Work task
Print, exactly as they stand, the lines below from the one that has "With that, I'm" to the one that has "Sometimes, to handle", inclusive, leaving out the pictures.

Material provided
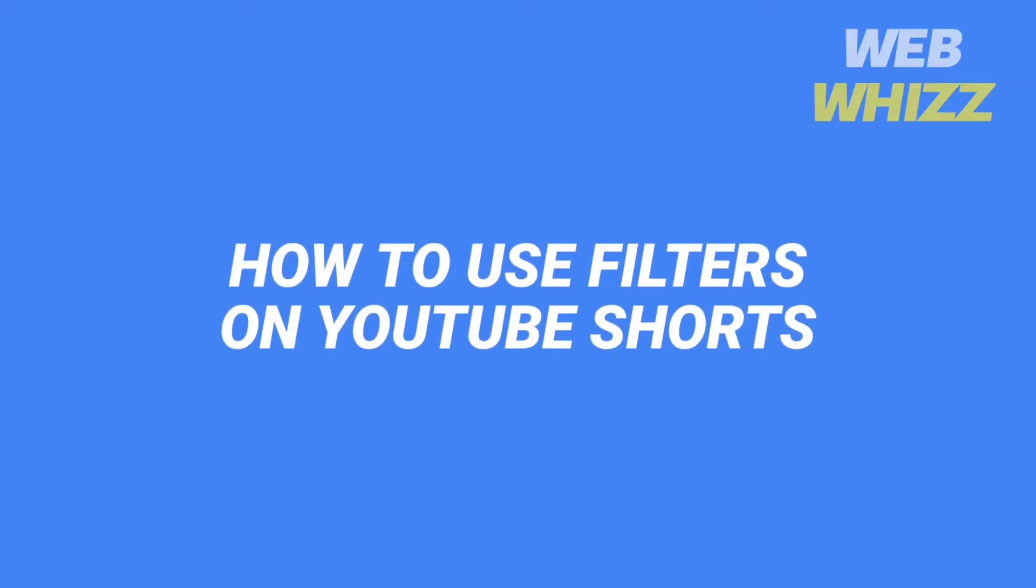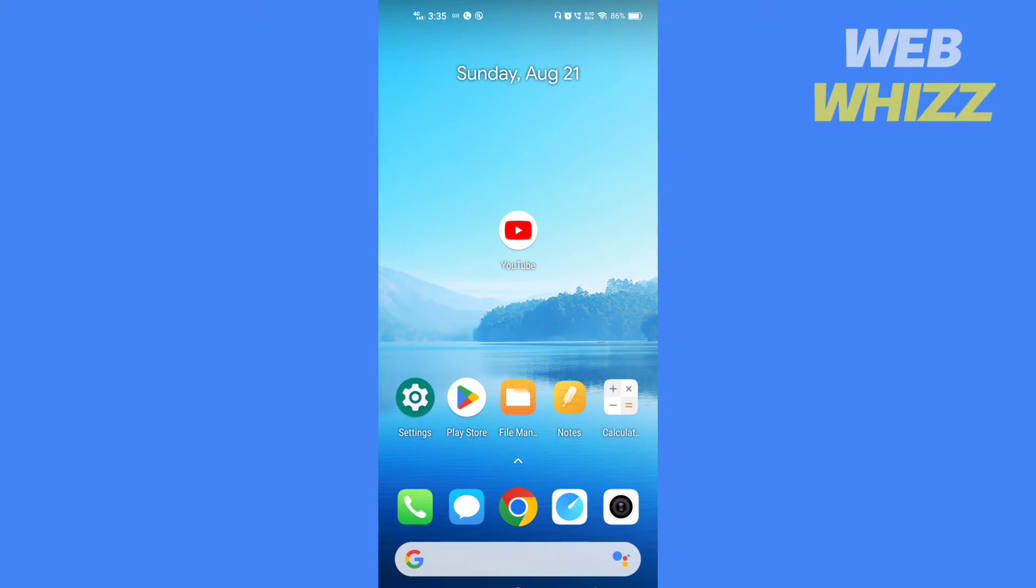How to use filters on YouTube Shorts. Hello and welcome to our channel. In this tutorial I am going to show you how you can easily use filters on YouTube Shorts.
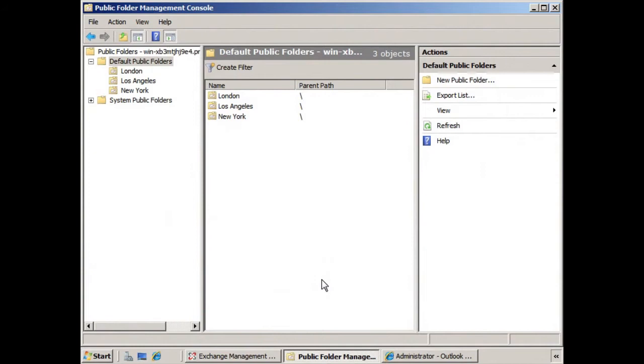Something you may not know about public folders is that they are not able to receive email until you mail enable them. So you might say, well what does that mean? Well, if you look here, none of these folders are mail enabled.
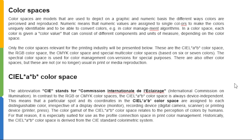Color spaces are models used to depict on a graphic and numeric basis the different ways colors are perceived and reproduced. Numeric means that numeric values are assigned to individual colors to make them uniquely identifiable and convertible. The color spaces relevant for the printing industry are the CIE Lab, RGB, and CMYK color spaces, as well as special multicolor spaces based on six or seven colors. The spectral color space is used for special purposes in color management.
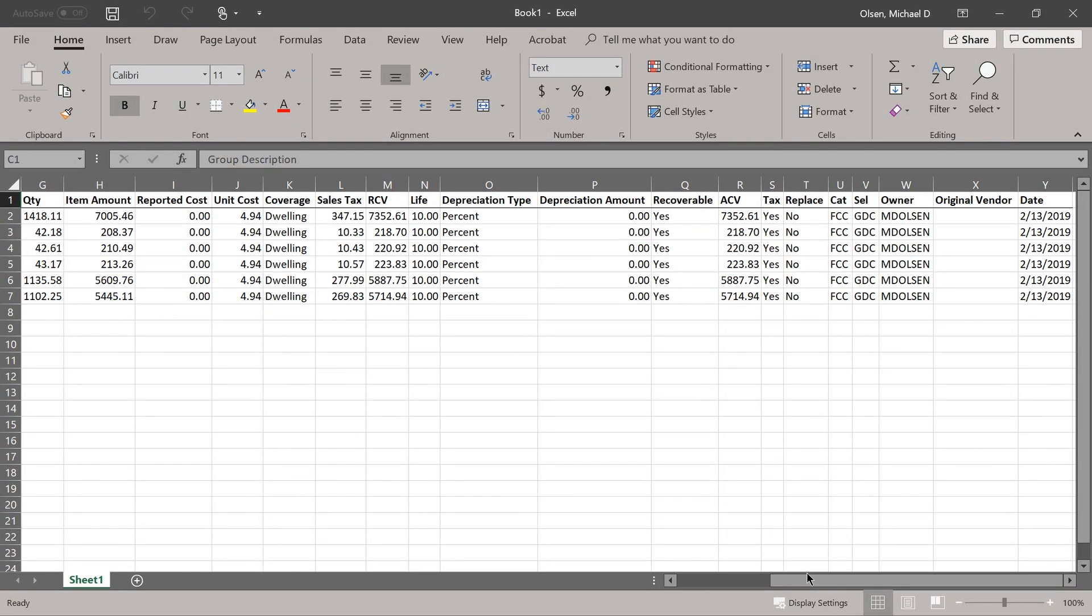You can now use the normal functionality of Excel to filter data, use functions or tables, and to better meet the needs of your business.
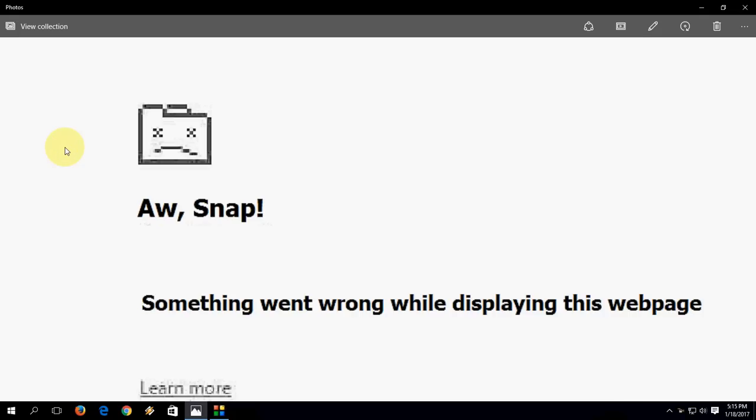Hey guys, welcome back again. I am MJ. In this video I will show you how to fix this Chrome error. When you open any web page or website, this error will occur like 'Aw, Snap! Something went wrong while displaying this page.'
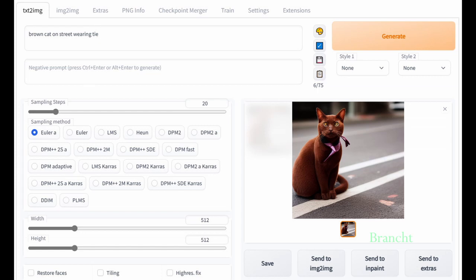Using the same seed number as the last generation image is good if you want to modify the image. In this case, I want the brown cat to wear a tie. So I enter 'wear a tie' in the same prompt, and as that, you can see the image generates a cat wearing a tie.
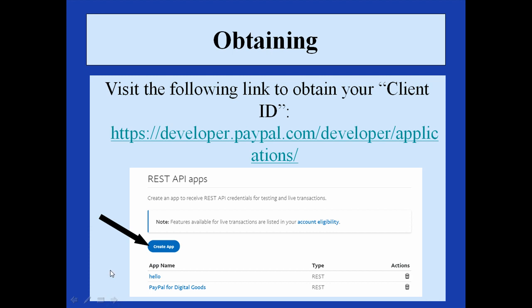As you can see, to get your client IDs you will need to follow this link here to your PayPal account. You will then need to login. Once you have logged in, you will need to create a REST API app by clicking the create app button.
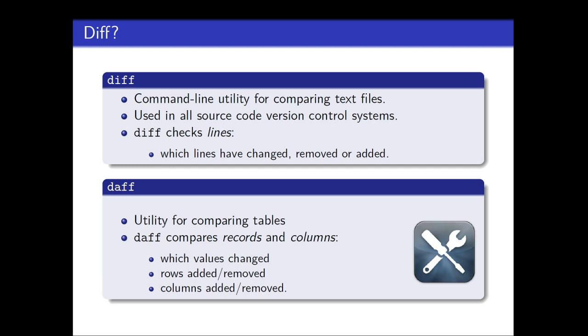Well, daff is a tool which is specifically updated for data frames. So it's a utility for comparing tables. And daff compares records and columns. So not lines but records and columns. So it can detect which values have changed, which rows have been added or removed. And it can check if columns have been added or removed. It's just simple like that.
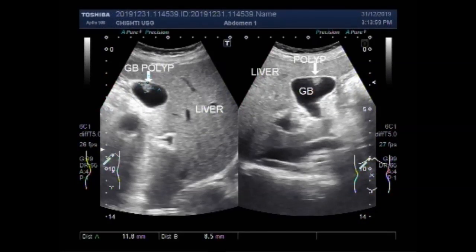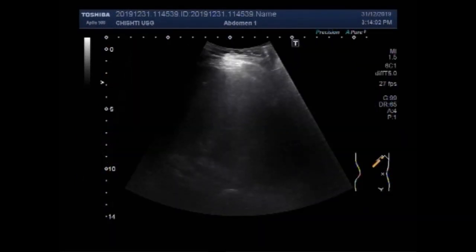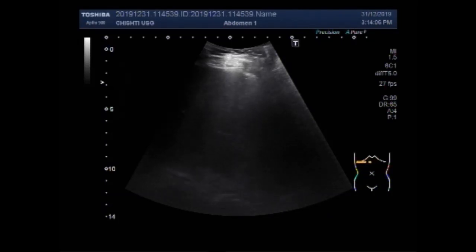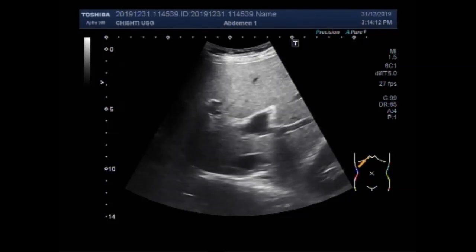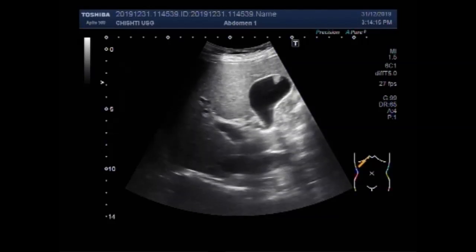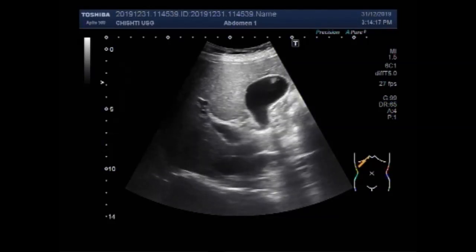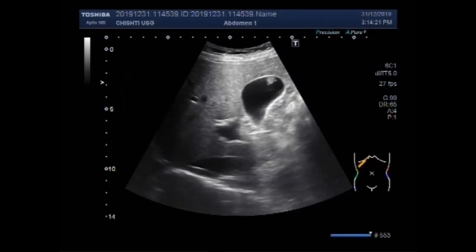Dear viewers, I hope you are all fine. This ultrasound video shows a large gall bladder polyp. You can see the gall bladder and a polyp is seen there at the fundus of the gall bladder. This one is the gall bladder polyp.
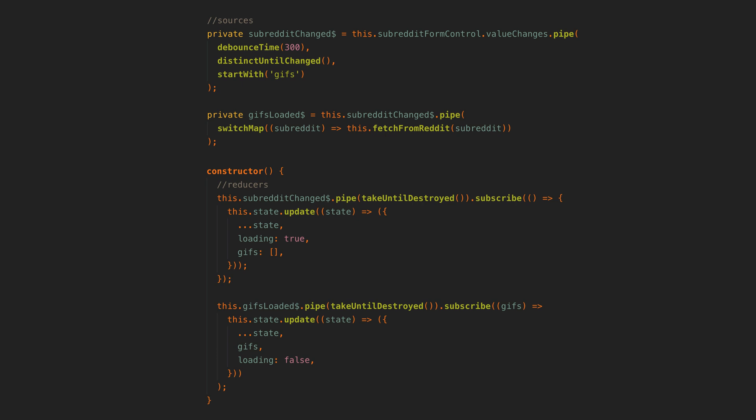The problem we have now is that if any of the requests to Reddit fail, and they almost certainly will because the user is bound to enter in an invalid subreddit at some point, the entire stream will break. If we switch map to an observable stream as we are doing here and it errors, that error will be propagated to the source stream and it will be terminated. Meaning that even if we change the subreddit again after an error, we aren't going to get any more values from this stream.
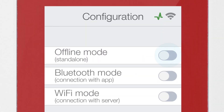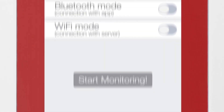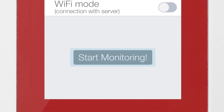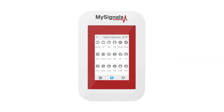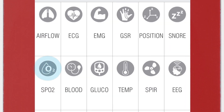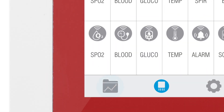Select offline mode in the menu and click on the start monitoring button. In the sensor selection screen, you can see all the sensors available. By selecting the SPO2 sensor, the icon will turn blue. Then click on the data button to access the data screen and start visualizing the data.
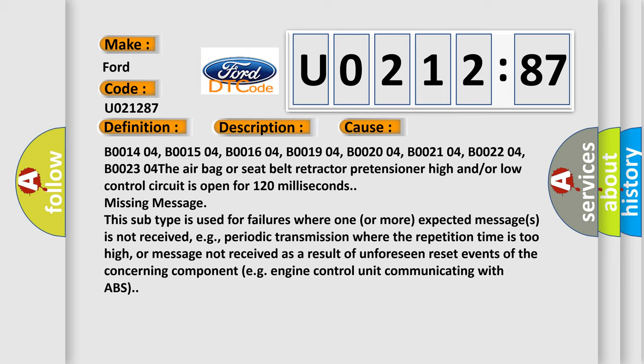The airbag or seat belt retractor pretensioner high and or low control circuit is open for 120 milliseconds missing message. This subtype is used for failures where one or more expected messages is not received, e.g. periodic transmission where the repetition time is too high, or message not received as a result of unforeseen reset events of the concerning component e.g. engine control unit communicating with ABS.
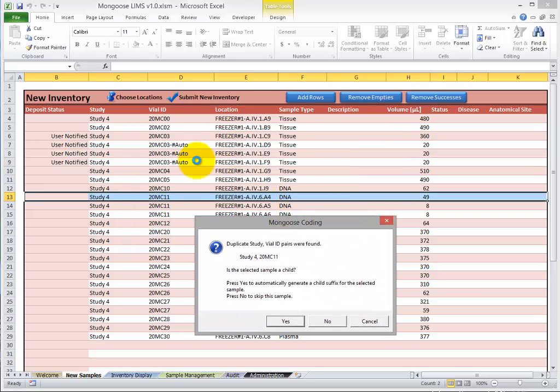So on these last three, you see the child suffix, hyphen, pound sign, auto. That means Mongoose LIMS will automatically generate the child ID for these samples.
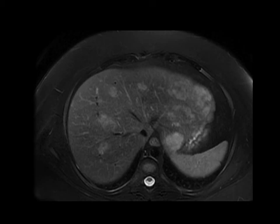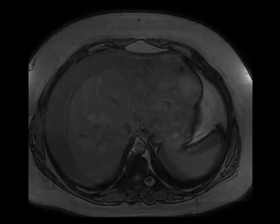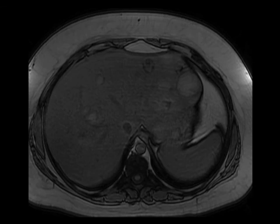Here's another entity that I've become increasingly aware of over the last few years. This is a young woman using oral contraceptives. You can see on these T2-weighted, T1-weighted, and post-gadolinium images that there are innumerable, avidly enhancing hypervascular lesions scattered throughout the liver.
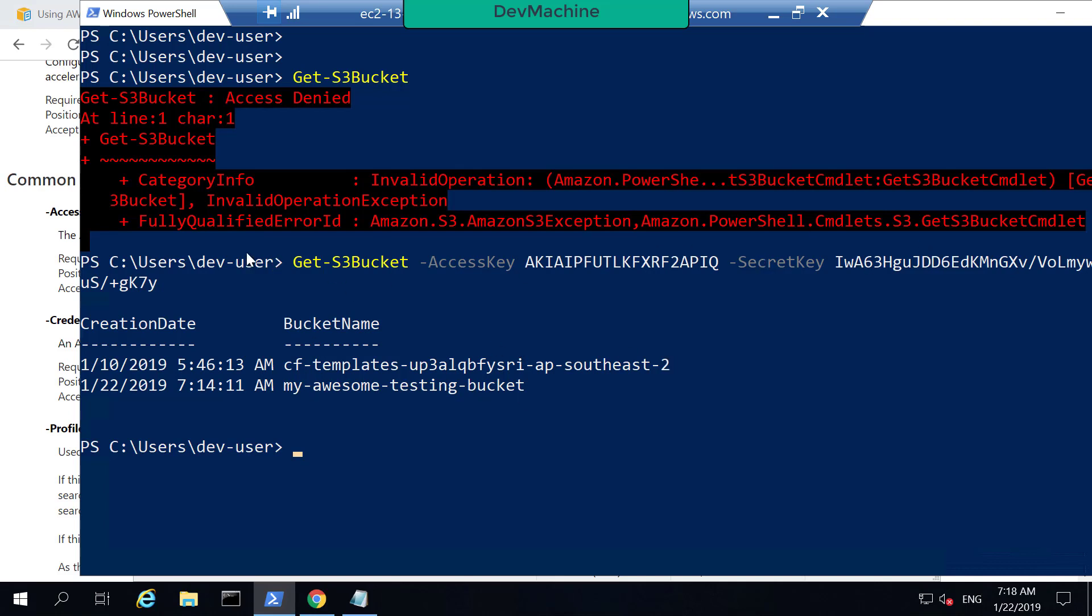But when I did that, by default, it took the region that this EC2 instance is running. If I type Get-DefaultAWSRegion, as of now, you can find there's no any region being set.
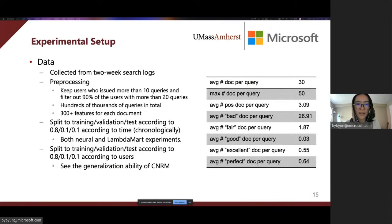We collect the data from two-week search logs. We keep users with more than 10 queries and filter out 90% of the users with more than 20 queries. We split the queries associated with these users into training, validation, and test sets chronologically, since this is consistent with real scenarios.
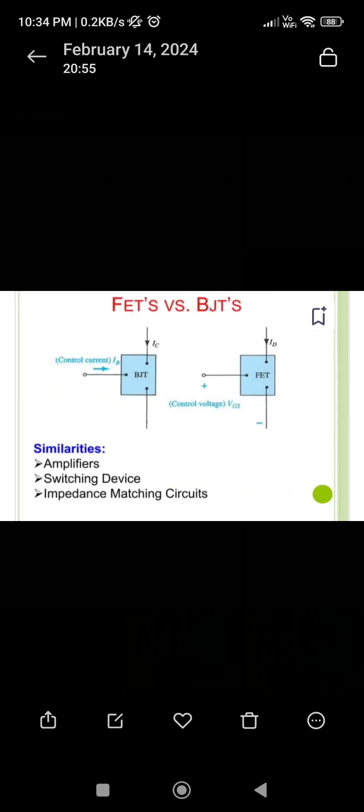First of all, there is a picture in which you can see FET versus BJT. The full form of BJT is Bipolar Junction Transistor. We will discuss both their similarities and differences. The similarity between them is that both are used as amplifiers, in switching devices, and also in impedance matching circuits.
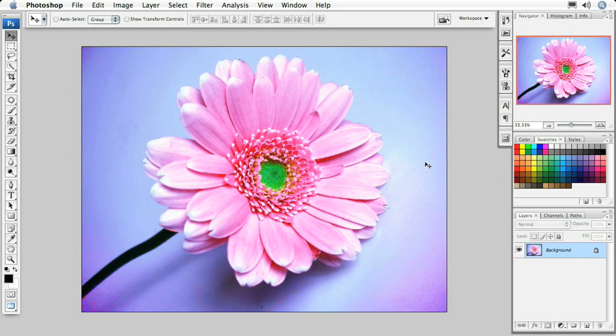We're going to take a look at how to turn this photograph into what I like to call a faux duotone. The first thing we need to do is pick a color that we're going to use for our duotone. I'm going to select this nice purple color here.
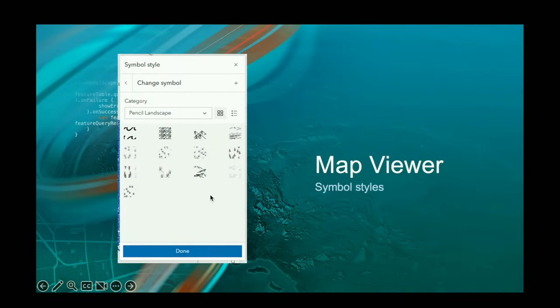With that, I'm going to have Jeremy take over and show you symbol styles.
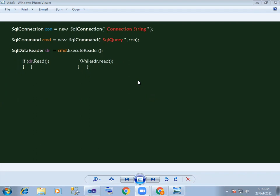In this session, we have SQL Data Reader. First, let's establish a connection. In the command, we will create a query.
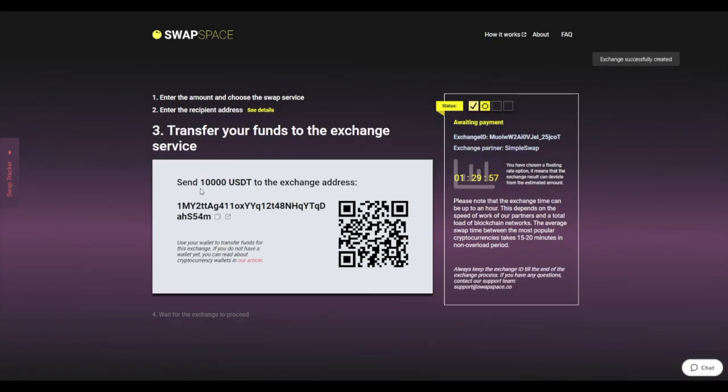On Step 3, you need to send the specified amount of Tether to the address you will see on the screen. You can use the QR code to make it faster.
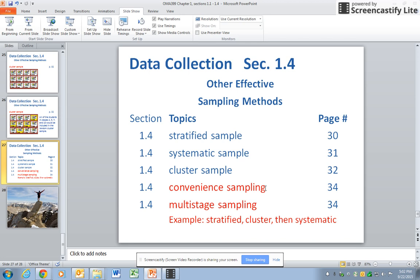Sometimes, to handle a very large population — like when they take a census of the United States — they will first do a stratified sample, selecting certain states or cities, then identify a cluster, and then do a systematic sample within that cluster. There are a variety of different sampling methods. This concludes the third video on chapter one, sections one through four. The next video will be on sections five and six.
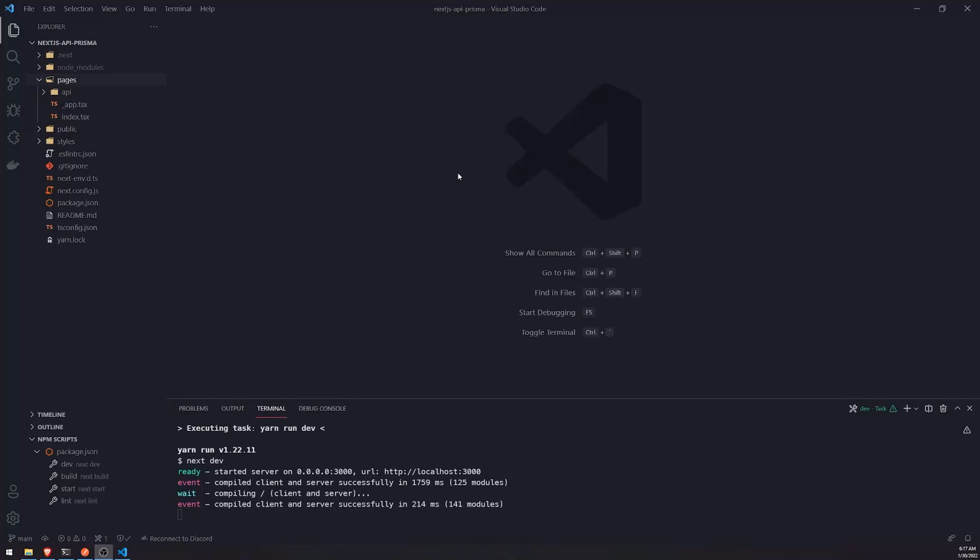Alright, so in this video we're going to dive into the API layer. I'm going to show you how to handle GET requests as well as POST requests. So let's just go ahead and get started.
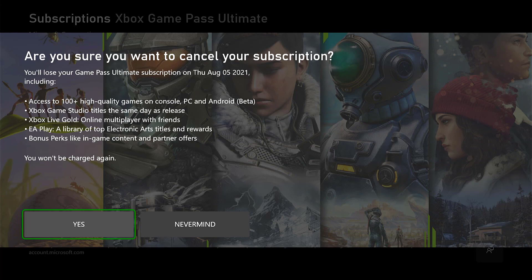You will lose your Game Pass Ultimate subscriptions on a specific day. That's it, friends. This is the easiest way to turn off recurring billing for Xbox Game Pass subscriptions, or you can cancel the subscriptions entirely. Hope this video is very helpful. Thank you so much for watching. Please provide comments and feedback.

Written solution
With that, I'm going to have Jeremy take over and show you symbol styles.
In this session, we have SQL Data Reader. First, let's establish a connection. In the command, we will create a query.
On Step 3, you need to send the specified amount of Tether to the address you will see on the screen. You can use the QR code to make it faster.
Sometimes, to handle a very large population — like when they take a census of the United States — they will first do a stratified sample, selecting certain states or cities, then identify a cluster, and then do a systematic sample within that cluster. There are a variety of different sampling methods. This concludes the third video on chapter one, sections one through four. The next video will be on sections five and six.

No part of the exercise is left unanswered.